3.      The Monitor Hypothesis
This states that language knowledge that is consciously learned can only be used to monitor output, not to generate new language. Monitoring output requires learners to be focused on the rule and to have time to apply it.

4.      The Input Hypothesis
This states that language is acquired by exposure to comprehensible input at a level a little higher than that the learner can already understand. Krashen names this kind of input “i+1”. the hypothesis relates to acquisition, and not to learning. The ability to speak fluently cannot be taught directly; rather, it "emerges" independently in time, after the acquirer has built up lin­guistic competence by understanding input.
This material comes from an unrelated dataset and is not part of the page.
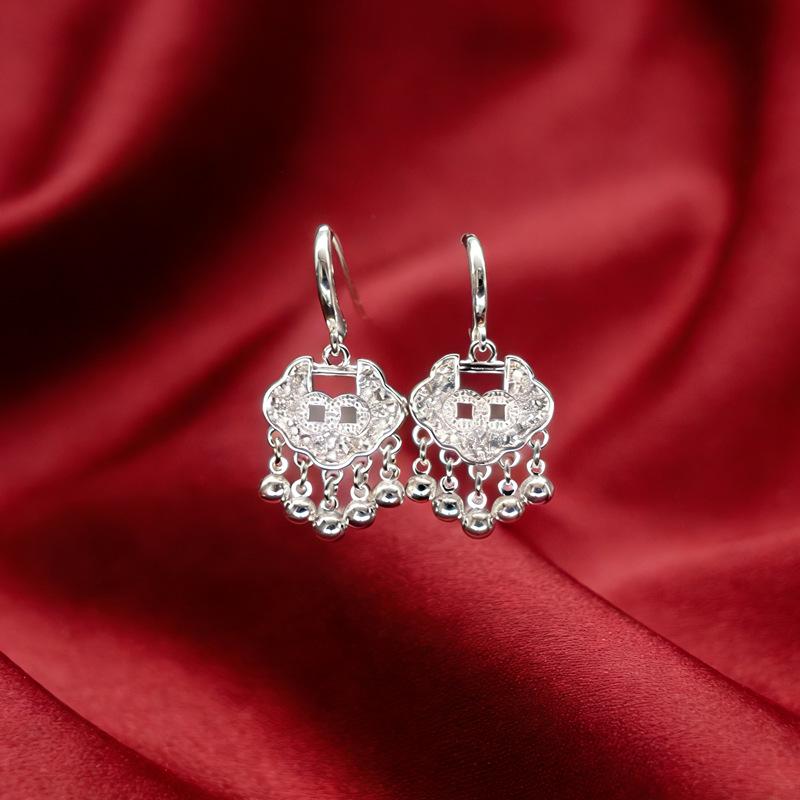 

Элегантные серьги-замочки мира из стерлингового серебра 999 пробы для женщин - Легкая роскошь, Привлекающие богатство, Нишевый дизайн с застежками, Идеальный подарок White Copper Thick Silver Plating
5.      The Affective Filter Hypothesis
Krashen sees the learner's emotional state or attitudes as an adjustable filter that freely passes, impedes, or blocks input necessary to acquisition. This states that learners must be relaxed and open to learning in order for language to be acquired. Learners who are nervous or distressed may not learn features in the input that more relaxed learners would pick up with little effort.
a.       Motivation     
b.      Self-confidence          
c.       Anxiety                      

E.       How To Apply The Method In The Class
The Natural Approach is designed to develop basic communication skills. To illustrate pro­cedural aspects of the Natural Approach, we will cite examples of how such activities are to be used in the Natural Approach classroom to provide comprehensible input, without requiring production of responses or minimal responses in the target language.
1.      Use visual aids to introduce new vocabulary. The teacher shows the pictures of food and drink, the students simply watch and listen.
2.      The pictures are displayed around the room, combine use of pictures with TPR. The students are asked to point at the appropriate picture when the teacher names it.
3.      The students listen to a tape of a person (or the teacher) describing what they habitually eat at different meals, the students tick the items they hear on a worksheet.
4.      The students are then given a gapped transcript of the previous listening activity, and they fill in the gaps from memory, before listening again to check.
5.      The students, in pairs, take turns to read aloud the transcript to one another.
6.      The students, still in their pairs, tell each other what they typically eat, using the transcript as a model.
7.      They repeat the task with another partner, this time without referring to the model.

F.       Point of View

The Natural Approch is a good and effective method to apply for teaching. Because of the Natural Approch is to make students rediscover their innate capacity to acquire a language, to foster naturalistic language acquisition in a classroom setting, and to this end it emphasises communication, and places decreased importance on conscious grammar study and explicit correction of student errors. Efforts are also made to make the learning environment as stress-free as possible. In the natural approach, language output is not forced, but allowed to emerge spontaneously after students have attended to large amounts of comprehensible language input. So, students acquire the target language in a natural and easy way. And the teaching materials are designed very well. Students can acquire language from easy to difficult, from simple to complex, and from concrete to abstract. But, the students may use the target language fluently, but they cannot use it accurately and teachers should collect various teaching aids and use them appropriately. Special teaching designs are necessary for the students well.

G.      References

Brown, Houglas H. 1987.Principles of Language Learning and Teaching. New Jersey: Prentice-Hall, Inc.
Richards, Jack C. And Rodgers, Theodore S.1986. Approaches and Method in Language Teaching. United State: Cambridge University Press.
Setiyadi, Bambang. 2006. Teaching English as a Foreign Language. Yogyakarta: Graha Ilmu.